[[ RECORDS FOR THE EXERCISE, beginning ]]

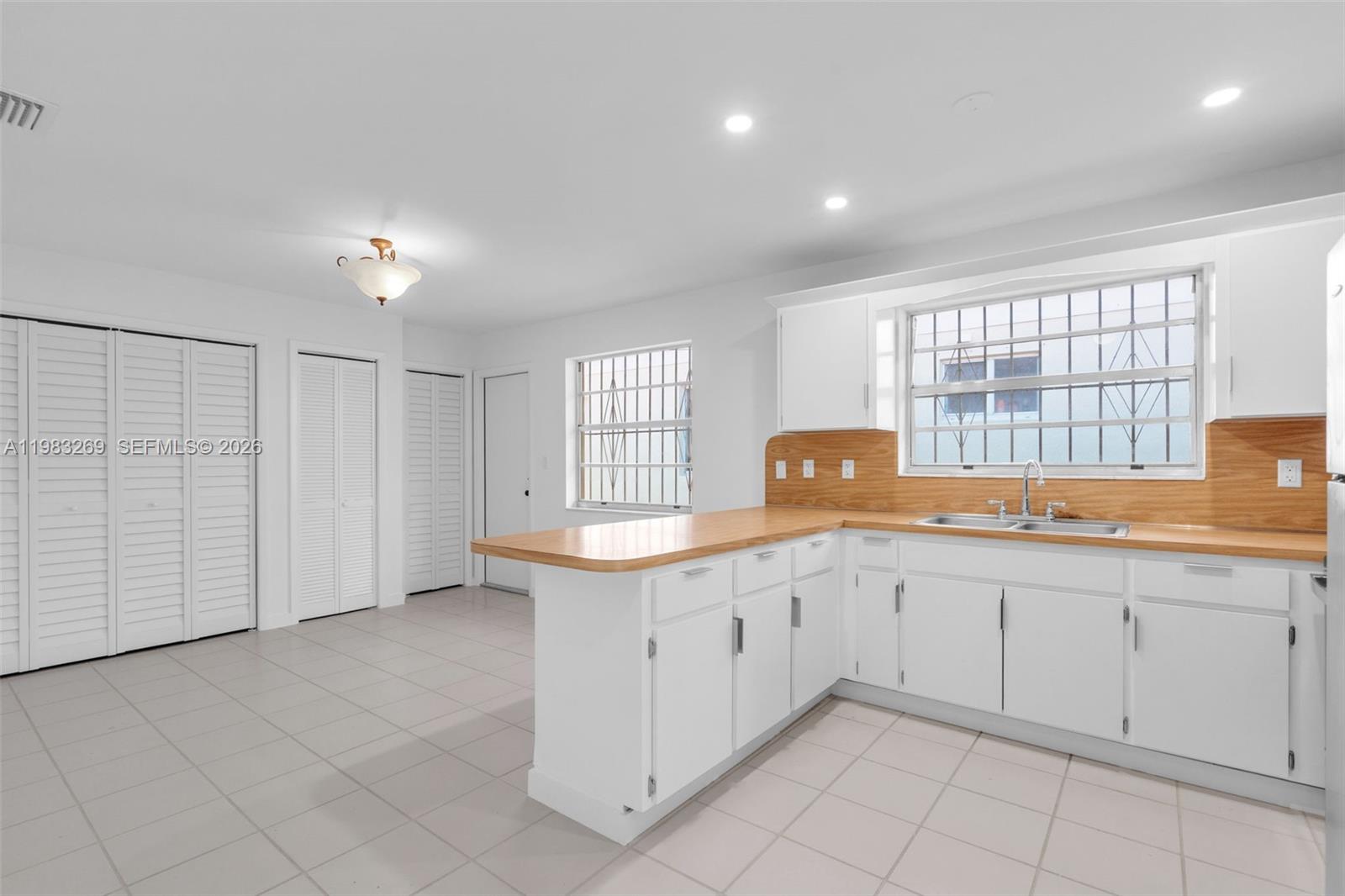 3572 Southwest 25th Street Miami, FL 33133 - Photo 6 of 18 a kitchen with a sink and cabinets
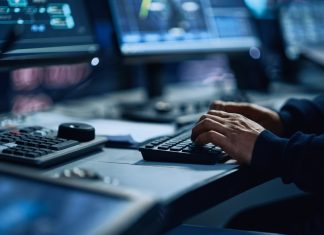 Close Up of a Professional Office Specialist Working on Desktop Computer in Modern Technological Monitoring Control Room with Digital Screens. Manager Typing on keyboard and Using Mouse.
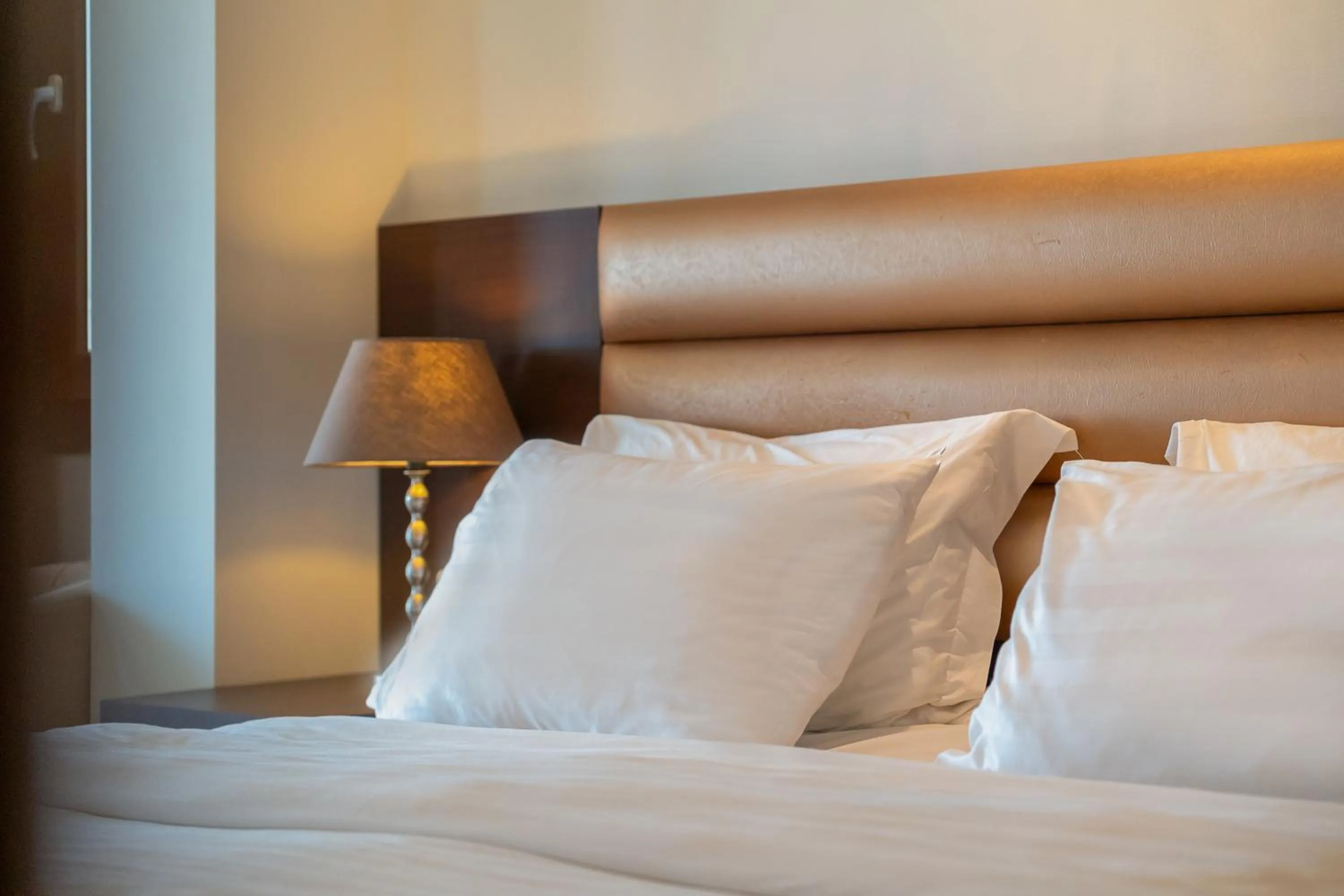 Bed in Meliton Inn Hotel & Suites by the beach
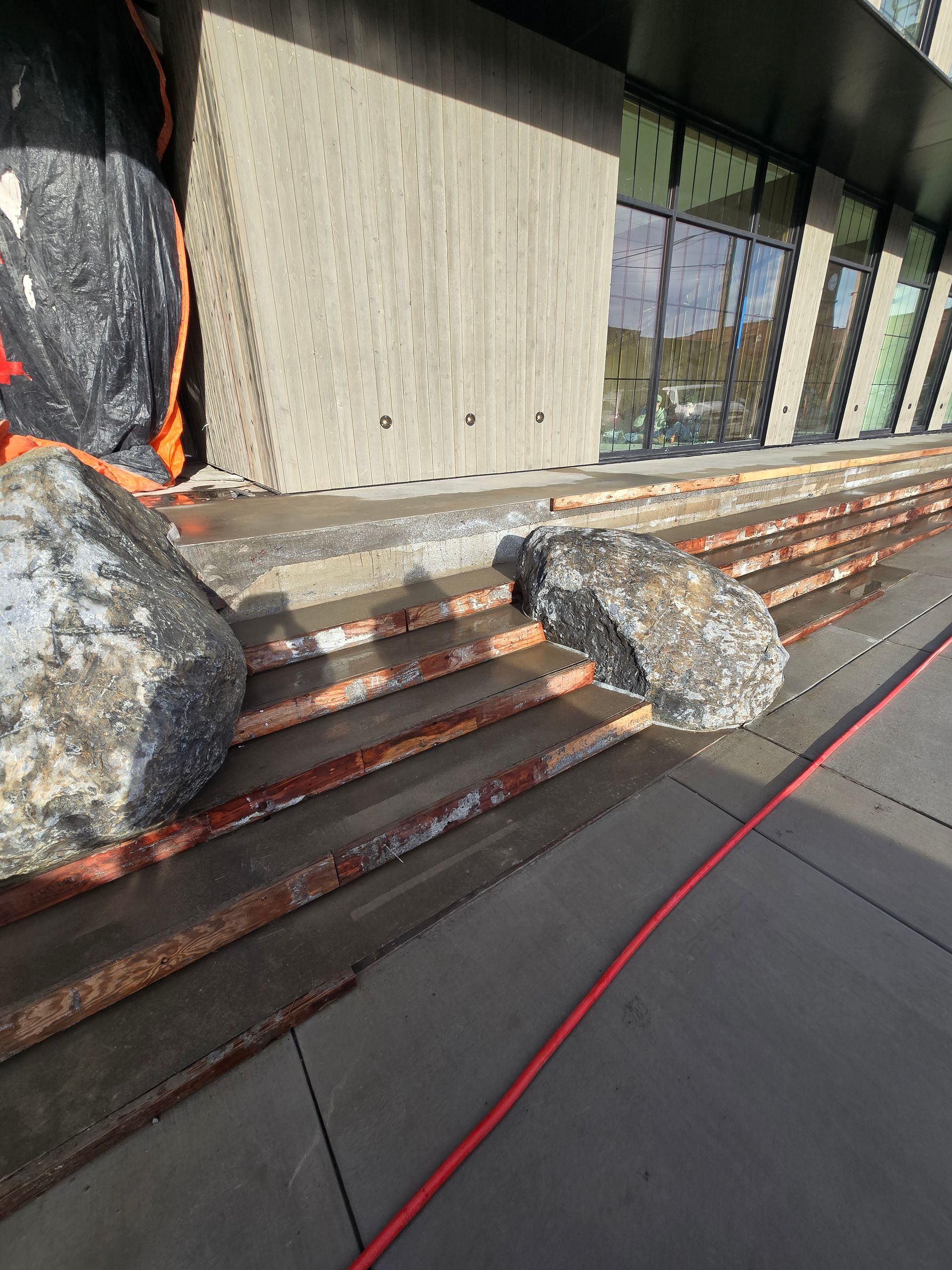 Large boulders block a set of outdoor concrete stairs leading to a building entrance, hindering pedestrian access.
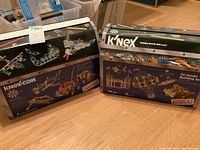 Two original K'NEX COM boxes each containing 700-piece building sets showing model ideas on the box, unopened plastic bags inside but boxes opened.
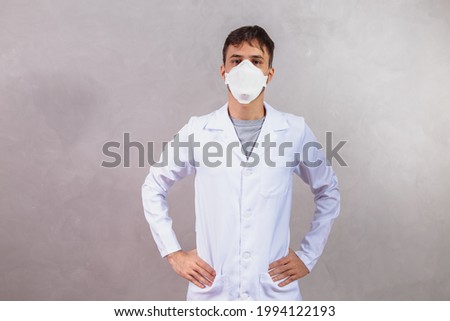 photo of nurse on gray background with protective mask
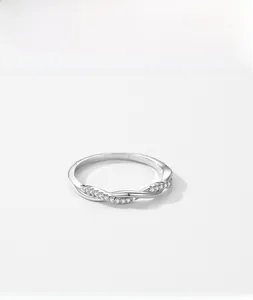 Detailed view of S925 sterling silver ring featuring twisted pavé zircon band design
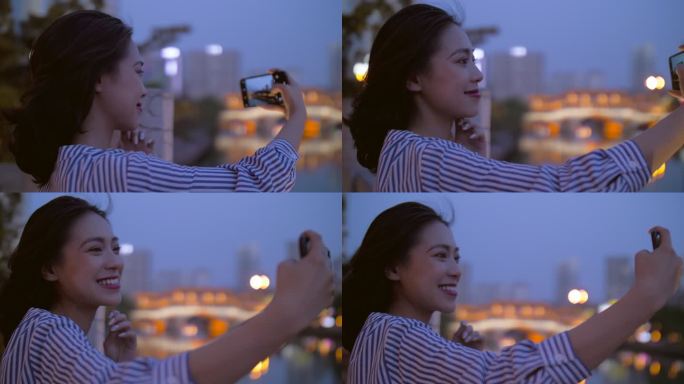 美女在成都旅游傍晚锦江边用手机拍照
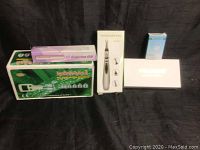 Overview of all items arranged on black background showing all boxes and products in their packaging.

[[ RECORDS FOR THE EXERCISE, end ]]

**EXERCISE AIM**
The records above should be output exactly, but without any of their pictures.

**RESULT FOR THIS TASK**
 3572 Southwest 25th Street Miami, FL 33133 - Photo 6 of 18 a kitchen with a sink and cabinets
 Close Up of a Professional Office Specialist Working on Desktop Computer in Modern Technological Monitoring Control Room with Digital Screens. Manager Typing on keyboard and Using Mouse.
 Bed in Meliton Inn Hotel & Suites by the beach
 Large boulders block a set of outdoor concrete stairs leading to a building entrance, hindering pedestrian access.
 Two original K'NEX COM boxes each containing 700-piece building sets showing model ideas on the box, unopened plastic bags inside but boxes opened.
 photo of nurse on gray background with protective mask
 Detailed view of S925 sterling silver ring featuring twisted pavé zircon band design
 美女在成都旅游傍晚锦江边用手机拍照
 Overview of all items arranged on black background showing all boxes and products in their packaging.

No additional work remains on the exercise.